Read the data, and whenever a line holds the word "Image", report that line.

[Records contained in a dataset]
************

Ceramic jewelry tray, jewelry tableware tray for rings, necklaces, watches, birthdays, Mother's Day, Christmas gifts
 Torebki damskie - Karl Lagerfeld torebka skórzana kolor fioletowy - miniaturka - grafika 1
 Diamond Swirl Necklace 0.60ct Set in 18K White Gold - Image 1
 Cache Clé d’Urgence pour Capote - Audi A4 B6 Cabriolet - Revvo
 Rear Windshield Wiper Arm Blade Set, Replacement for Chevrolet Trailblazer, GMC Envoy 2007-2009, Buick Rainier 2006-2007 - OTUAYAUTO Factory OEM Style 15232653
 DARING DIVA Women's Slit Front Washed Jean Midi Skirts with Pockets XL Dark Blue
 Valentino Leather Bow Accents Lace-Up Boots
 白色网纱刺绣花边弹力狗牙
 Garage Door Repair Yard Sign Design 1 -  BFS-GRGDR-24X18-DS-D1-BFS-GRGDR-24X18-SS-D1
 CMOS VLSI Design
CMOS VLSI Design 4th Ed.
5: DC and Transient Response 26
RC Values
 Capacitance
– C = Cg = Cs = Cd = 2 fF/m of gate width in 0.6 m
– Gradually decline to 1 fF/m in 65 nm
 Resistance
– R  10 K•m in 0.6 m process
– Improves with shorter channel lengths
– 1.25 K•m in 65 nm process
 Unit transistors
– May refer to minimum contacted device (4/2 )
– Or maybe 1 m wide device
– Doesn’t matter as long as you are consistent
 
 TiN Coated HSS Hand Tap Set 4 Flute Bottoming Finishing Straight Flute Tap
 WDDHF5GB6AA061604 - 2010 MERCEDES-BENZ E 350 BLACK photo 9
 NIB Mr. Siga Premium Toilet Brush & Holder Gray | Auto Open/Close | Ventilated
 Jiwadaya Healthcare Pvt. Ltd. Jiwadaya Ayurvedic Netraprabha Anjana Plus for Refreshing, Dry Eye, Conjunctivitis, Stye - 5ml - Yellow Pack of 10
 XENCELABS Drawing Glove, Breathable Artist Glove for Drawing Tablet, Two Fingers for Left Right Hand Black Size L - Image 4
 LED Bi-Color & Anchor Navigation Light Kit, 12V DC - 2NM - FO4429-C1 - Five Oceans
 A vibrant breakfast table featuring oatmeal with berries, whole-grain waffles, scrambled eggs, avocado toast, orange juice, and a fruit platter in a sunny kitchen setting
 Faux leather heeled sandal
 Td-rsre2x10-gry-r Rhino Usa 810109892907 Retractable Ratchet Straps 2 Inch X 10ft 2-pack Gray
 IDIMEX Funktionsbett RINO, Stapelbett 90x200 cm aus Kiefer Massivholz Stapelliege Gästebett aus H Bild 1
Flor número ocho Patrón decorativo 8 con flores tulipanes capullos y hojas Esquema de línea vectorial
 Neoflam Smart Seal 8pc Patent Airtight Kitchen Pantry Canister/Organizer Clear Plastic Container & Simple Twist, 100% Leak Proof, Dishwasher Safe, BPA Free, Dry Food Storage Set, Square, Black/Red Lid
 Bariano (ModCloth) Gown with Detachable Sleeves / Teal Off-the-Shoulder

************

> _ANSWER TO THIS EXERCISE_
 Diamond Swirl Necklace 0.60ct Set in 18K White Gold - Image 1
 XENCELABS Drawing Glove, Breathable Artist Glove for Drawing Tablet, Two Fingers for Left Right Hand Black Size L - Image 4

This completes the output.